The 2019 edition of the Cost of a Data Breach Report, sponsored by IBM and published by Ponemonis causing quite a stir in the cybersecurity world. The annual report, which draws its data from in-depth interviews with more than 500 global companies that experienced data breaches between July 2018 and April 2019, finds that not only are data breaches becoming increasingly common but that the cost of these breaches is rising and cybercriminals are shifting their target industries.
The report found that the healthcare industry, traditionally ignored by cybercriminals, experienced the highest cost per breach this past year.
Our leadership team and senior engineers have outlined their take on the report and why they think cybercriminals are targeting the healthcare industry.

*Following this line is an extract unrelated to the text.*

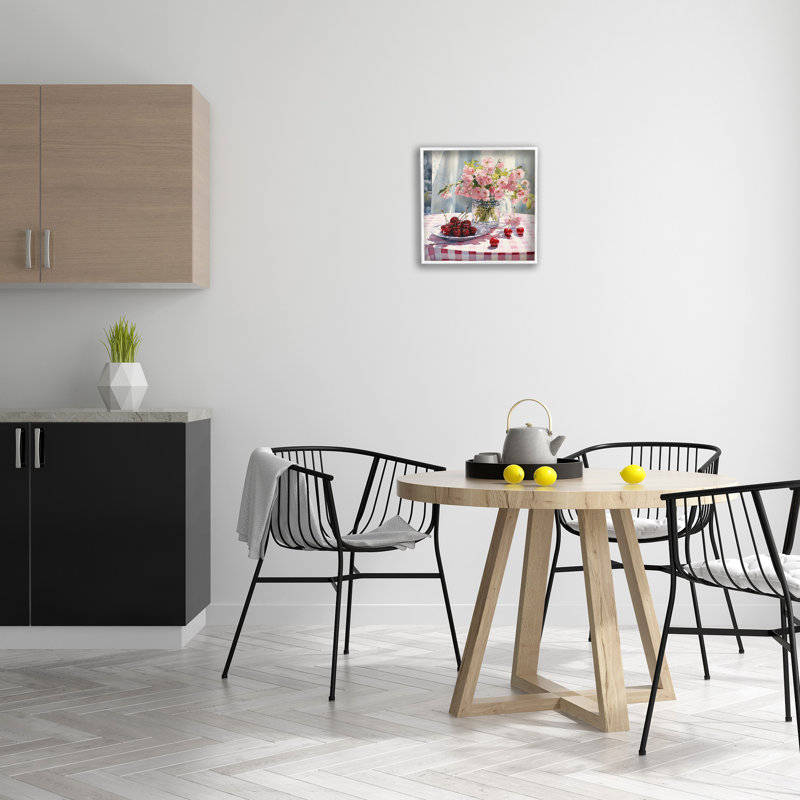 «Spring Still Life on Plaid», estampe numérique encadrée par RB, H 17 po x l 17 po, Giclée encadrée blanc bord de mer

Money & Personally Identifiable Information
Andrew Douthwaite (Chief Technology Officer) found it interesting that the healthcare industry had the highest cost per breach, but he was not surprised. As his colleague Garret Stanley (Senior Engineer and Attack Specialist) pointed out, healthcare is a rich cybercrime goldmine that is still relatively unguarded. Not only can cybercriminals use tactics such as ransomware to extort funds from healthcare providers and pharmaceutical companies, but healthcare organizations also hold vast stores of personal data which can be used for criminal purposes.
“Personally Identifiable Information (PII) is particularly valuable from a fraud perspective”, said Chris Storer (Senior Security Engineer). PII can be used for both prescription drug fraud and insurance fraud. Increasingly, cybercriminals are targeting PII, such as stolen insurance numbers and social security numbers. This personal information is also easier to use than credit card or bank information, as banks have increased their cybersecurity defenses in the last few years, making it more desirable and valuable.
Settling Instead of Fortifying
Malware, including ransomware, is an incredibly popular tactic among cybercriminals. As Michael Murdoch (Senior Project Manager) pointed out, electrical, power, and utilities infrastructure is also being increasingly targeted, but these industries are becoming wiser and fortifying their cybersecurity.
Garrett Stanley told us healthcare and pharmaceutical companies typically spend very little on IT infrastructure and cybersecurity, as compared to their overall budget. If these vulnerable industries continue to neglect their cybersecurity practices and infrastructure, they will continue to be disproportionately targeted.
When a healthcare organizations experiences a breach, it puts the personal data of Americans at risk, exposing them to unnecessary risk and eroding consumer trust. Breaches can also allow cybercriminals (including rival companies) to access proprietary data on drug patents and other sensitive information.
Unfortunately, as Matt Rutledge (Senior Project Manager) told us, most of the big healthcare companies have their compliance departments report to their legal departments. This fosters environments where companies are more likely to settle with affected consumers when a breach happens because it is cheaper and easier than addressing their cybersecurity shortfalls and forcing full technical compliance.
In fact, it is typically smaller healthcare organizations that are the most strict about compliance, and who typically not only meet the minimum for compliance but do whatever they can to fortify their cybersecurity defenses against breaches.
Brent Taylor (Professional Services Engineer) agrees. He has done extensive consulting work for both hospitals and doctor’s offices and has found that most compliance measures focus more on reporting than on actual cybersecurity measures. This is because these guidelines are not typically written by cybersecurity or network professionals, but instead by financial analysts and lawyers. The goal of these guidelines is not protection, but reporting, so even if an organization is fully compliant, their valuable data is not actually safer from cybercriminals.
The word “cybercriminal” typically conjures up an image of an angry loner in his basement, but the face of cybercrime is changing. Garrett Stanley feels that attacks on Industrial Control Systems (ICS) and Supervisory Control and Data Acquisition (SCADA) systems will increasingly be state-sponsored. This is mostly because there are far easier ways for cybercriminals to extort money from unprepared organizations, making ICS and SCADA targets less appealing to cybercriminals looking to get rich.
However, all organizations need to remain vigilant. A cybercriminal only has to get past your defenses once to cause damage and steal private information.
Defending Healthcare Organizations Against Cyberattacks
Healthcare organizations need to be serious about their cybersecurity efforts and focus less on reporting and more on concrete defense measures. To help ensure your organization’s data is safe from breaches, you may want to consider enlisting the help of a Managed Security Services Provider (MSSP).
See also: Healthcare managed security services case study.
MSSPs are made up of teams of trained cybersecurity experts who will work with your organization to create a tailored cybersecurity solution to safeguard your company’s data against cybercriminals. A good MSSP will monitor your network 24/7/365 for suspicious or unauthorized activity, help you mitigate or even avoid damage if you experience a breach, and help train your employees to safeguard your organization’s digital assets better. They will also sit down with you after a breach has occurred and help you learn from the incident and learn from it so that you can better safeguard your valuable digital assets.